To get us to the track, we resist the urge to jump in a Hellcat right off the bat and instead snatch the keys to the next best thing: a red SRT 392. We plop our asses into its alcantara-and-leather SRT bucket seats, situate ourselves before the new dashboard, and take in our surroundings. Dodge is deftly playing up its muscle car heritage inside, with tunneled primary instrument dials bracketing a slick new seven-inch information display for the driver, with Dodge’s highly acclaimed 8.4-inch Uconnect infotainment screen to the right, all encompassed by a large aluminum bezel. From floor to ceiling, everything is black or red. This place oozes with machismo.

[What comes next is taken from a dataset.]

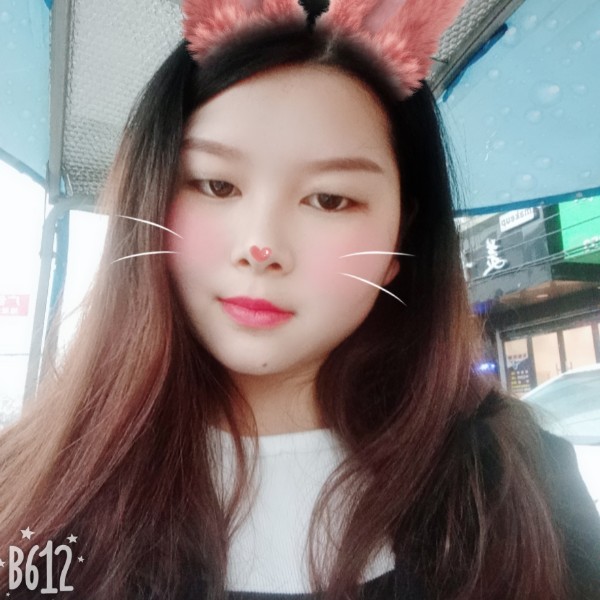玫瑰烂漫的照片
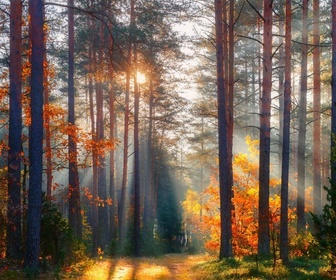 Replay La forêt des quatre saisons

2015 Dodge Charger SRT Hellcat
2015 Dodge Charger SRT Hellcat

We press the engine-start button, pull the electronic T-handle shifter (now with actual gates!) into Drive, grasp the thick-rimmed, flat-bottom SRT steering wheel and hit the streets. Within a block, we’re giggling like schoolgirls that just got a wink from their big crush, so inebriating is the naturally aspirated 6.4-liter Hemi’s exhaust burble. Soon, we’re summoning as much of the car’s 485 hp and 475 lb-ft of torque as road space allows. Dodge estimates that the 4,400-lb. SRT 392 can hit 60 mph in the low four-second range — fast for a car this size — and based on how we’re pinned to our seats, we believe it.